#### [How to complete this task]
When you reach the line that contains "Blue whale, a", give it back exactly along with each line after it to the end of the entries; skip any pictures.

Saved data entries:
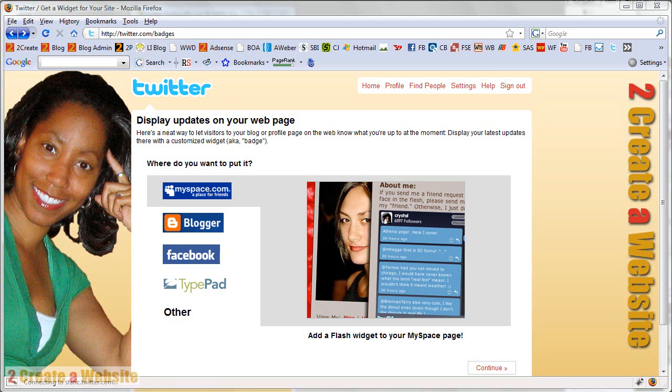Hello all, it's Lisa from 2createawebsite.com and today I'm going to show you how to create a Twitter badge for your website or your blog. A badge is basically a graphic that displays your most recent tweets from twitter.com.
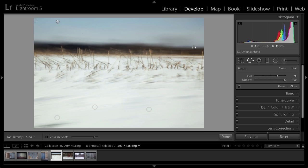And if you want to toggle between the clone and the heal option for the spot removal tool, you can hold down the Shift key and tap the Q key, and that will toggle back and forth.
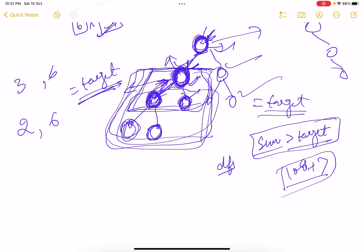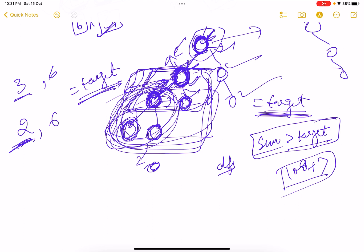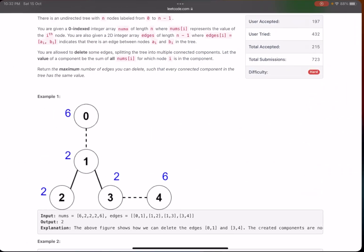In DFS, leaf nodes return their value upward. When a node's subtree sum equals the target, that is one valid component — we return 0 to the parent, meaning 'this subtree is handled, find remaining components.' If the final DFS call from the root returns 0, we successfully formed all components. For n components, we deleted n-1 edges, and that is our answer.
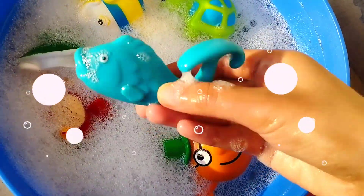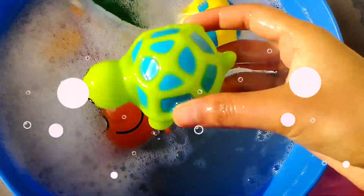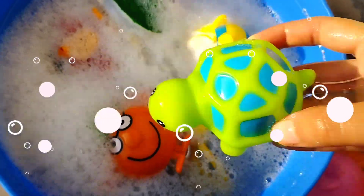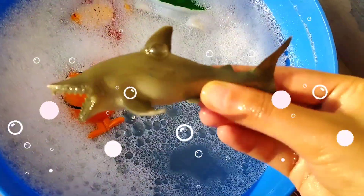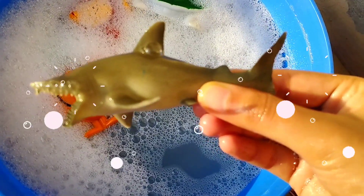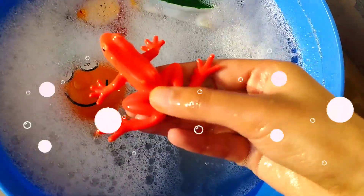Blue whale, a baby turtle. Green parrot sea, a shark, a frog, a turtle.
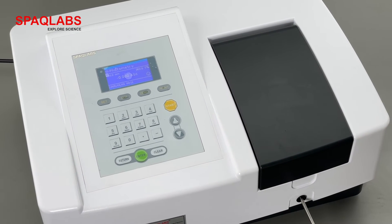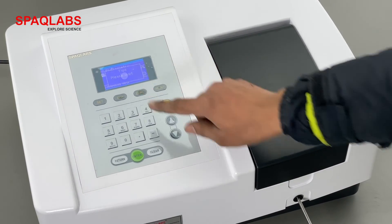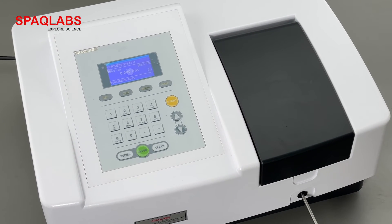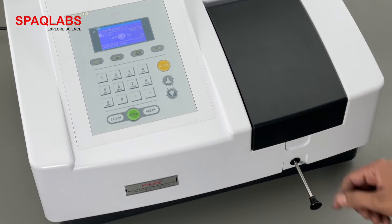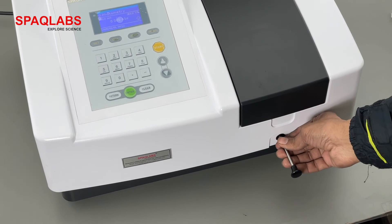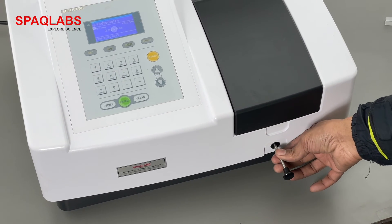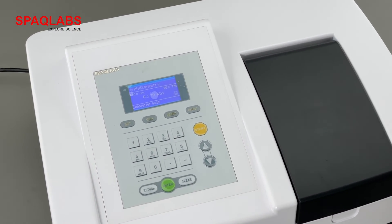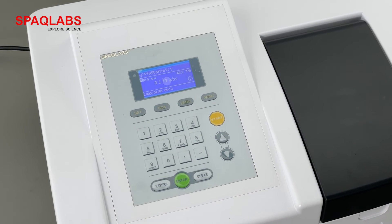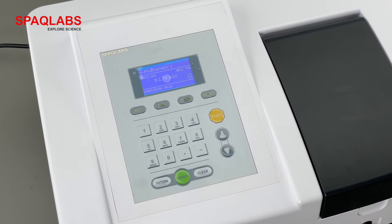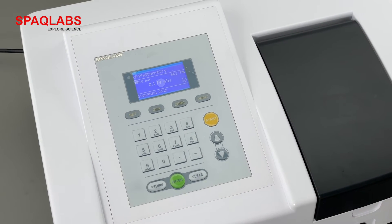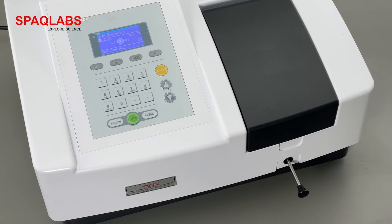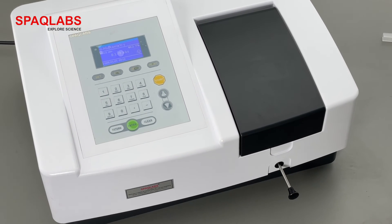Now again press 0 for the distilled water to zero the instrument. Then adjust the cuvette to set the sample in position. This is the ABS value at 550 nanometers, which is 0.179. Like this, you can place different samples and get the ABS values.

#### [Exercise output]
Blue whale, a baby turtle. Green parrot sea, a shark, a frog, a turtle.
Now again press 0 for the distilled water to zero the instrument. Then adjust the cuvette to set the sample in position. This is the ABS value at 550 nanometers, which is 0.179. Like this, you can place different samples and get the ABS values.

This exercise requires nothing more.